Intensity is the average density of points or in other words the expected number of points per unit area. The intensity may be constant (uniform) or may vary from location to location (non-uniform or inhomogeneous).

One approach to evaluate the intensity is to divide the study area into quadrats, and count the numbers of points falling into each quadrat. If the points have uniform intensity, and are completely random, then the quadrat counts should be Poisson random numbers with constant mean. We may test that hypothesis by using the $$\chi^2$$ goodness-of-fit test statistic

$\chi^2 = \sum\frac{(\text{observed}-\text{expected})^2}{\text{expected}}$

In R we make use of the quadratcount() and quadrat.test() functions of the spatstat package. First, we load the Berlin city data sets we created in the previous section.

load(url("https://userpage.fu-berlin.de/soga/300/30100_data_sets/ppp_data_berlin.RData"))
load(url("https://userpage.fu-berlin.de/soga/300/30100_data_sets/berlin_district.RData"))
library(spatstat)
plot(ppp.locations, pch=3, cex=0.6)
plot(qc.loc, add=T, textargs = list(col='red')) quadrat.test(qc.loc)
##
##  Chi-squared test of CSR using quadrat counts
##  Pearson X2 statistic
##
## data:
## X2 = 1150.1, df = 10, p-value < 2.2e-16
## alternative hypothesis: two.sided
##
## Quadrats: 11 tiles (irregular windows)

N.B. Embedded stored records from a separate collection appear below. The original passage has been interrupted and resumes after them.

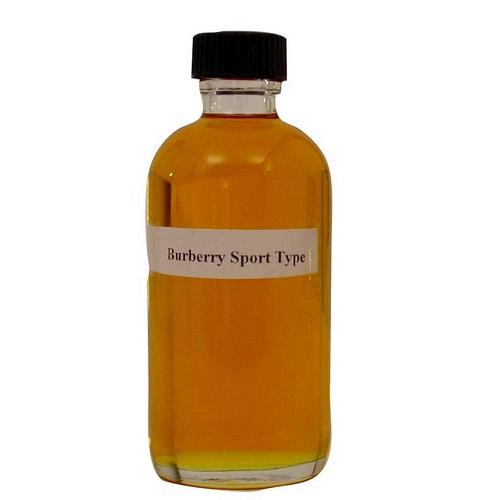 Burberry: Sport (W) - 4 oz.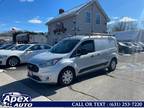 Used 2019 Ford Transit Connect Van for sale.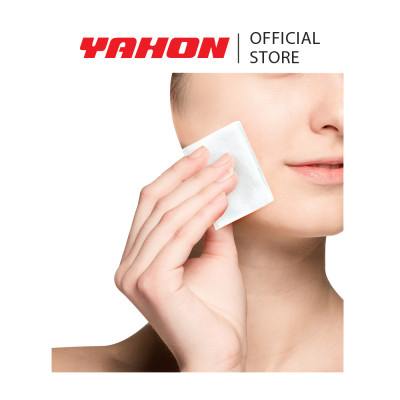 Combo Hộp Bông Tẩy Trang PUFFME 5in1 Cao Cấp 5 Lớp, 80 Miếng/Hộp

The very low p-value indicates that the intensity is non-constant. Such an point process is referred to as IPP and its intensity can be estimated non-parametrically, e.g., with kernel smoothing (Bivand et al. 2008).

Let us repeat this approach for the ppp.random data set.

qc.rand <- quadratcount(ppp.random, nx=3, ny=4)
plot(ppp.random, pch=3, cex=0.6)
plot(qc.rand, add=T, textargs = list(col='red')) quadrat.test(qc.rand)
##
##  Chi-squared test of CSR using quadrat counts
##  Pearson X2 statistic
##
## data:
## X2 = 19.377, df = 10, p-value = 0.07145
## alternative hypothesis: two.sided
##
## Quadrats: 11 tiles (irregular windows)

The high p-value $$(p > 0.05)$$ indicates a HPP, where the intensity is a constant $$\lambda(u) = \lambda = \frac{n}{\vert A \vert}$$, with $$n$$ being the number of points observed in region $$A$$, and $$\vert A \vert$$ being the area of region $$A$$.

#### Kernel density estimate

There are different ways to estimate the intensity for an IPP. One of them is a non-parametrically estimation by means of kernel smoothing. If we observe $$n$$ points $$\{x_i\}_{i=1}^n$$ then the form of a kernel smoothing estimator is

$\hat{\lambda}(x) = \frac{1}{h^2}\sum_{i=1}^n\frac{\kappa(\frac{\Vert x-x_i\Vert}{h})}{q(\Vert x \Vert)}\text{,}$

where $$x_i \in \{x_1, x_2,..., x_n\}$$ is an observed point, $$h$$ is the bandwidth, $$q(\Vert x \Vert)$$ is a border correction to compensate for observations missing due to edge effects, and $$\kappa(u)$$ is a bivariate and symmetrical kernel function.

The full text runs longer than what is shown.